Just joined the forum and it's great to find a UK section.  I've been reading up on the shortcomings of the Brinkman that I bought last year, air flow or lack of it.  

The gap around the lid, which I hope to fix by next weekend,  just waiting on some 14mm fire rope and glue.  We did intend to smoke a chicken today but after all the info I've read I think it's best to leave until the lid is finished.  ;)
Ice.


----------



## joedube70 (Jul 1, 2018)

Welcome from Cleveland.
Good luck with your mods and smoker


----------



## wade (Jul 1, 2018)

Hi Ice and welcome to the forum. There are a few of us from the UK who chat on here. There is also as smokers meet at Billing Aquadrome on the 20-22nd July that may interest you.

Yes there are some challenges with the Brinkmann but the mods you have been reading will help. The biggest challenge is managing the fine temperature control. How did the chicken go and what are you wanting to smoke in the future?

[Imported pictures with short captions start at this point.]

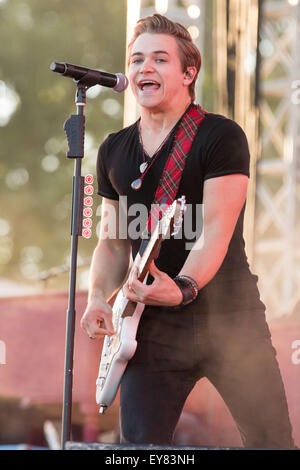 Eau Claire, Wisconsin, USA. 23 juillet, 2015. Musicien Country HUNTER HAYES réalise en direct sur la confiture Pays USA music festival à Eau Claire, Wisconsin Crédit : ZUMA Press, Inc./Alamy Live News Banque D'Images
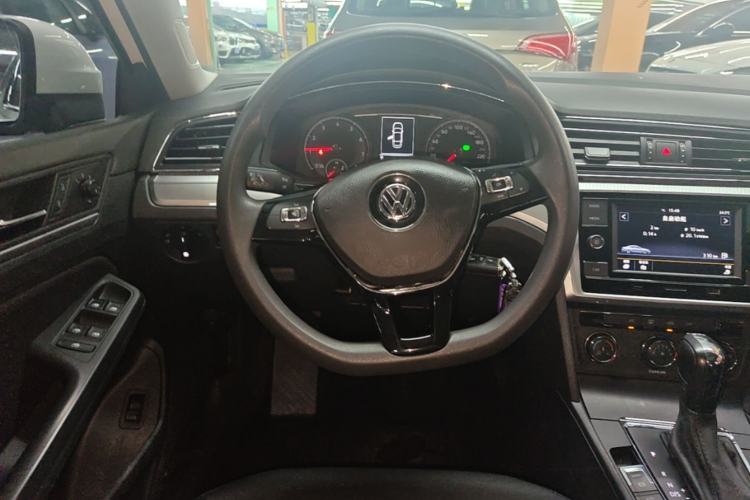 Used Volkswagen Lamando 2019 230TSI DSG Fashion Edition China VI Steering Wheel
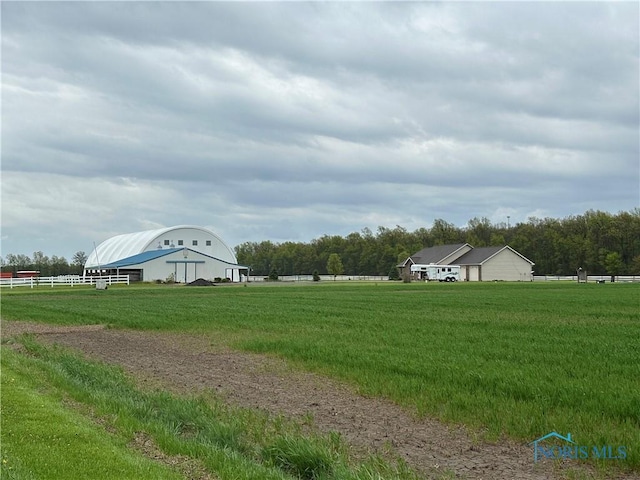 view of yard featuring a rural view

Would love to see some photos :-)


----------



## SmokinAl (Jul 1, 2018)

Welcome to SMF!
Glad to have you join us!
Al


----------



## smokin monkey (Jul 5, 2018)

Welcome to the UK Group.


----------



## gmc2003 (Jul 5, 2018)

Welcome to the site from New England. Glad you joined.

Chris


----------



## homeruk (Jul 17, 2018)

did you get that chicken done?


----------



## Icefever (Jul 18, 2018)

Chicken finished....followed the next weekend with a gammon and our first go at a fattie..


----------



## wade (Jul 25, 2018)

How did the Fatty go?


----------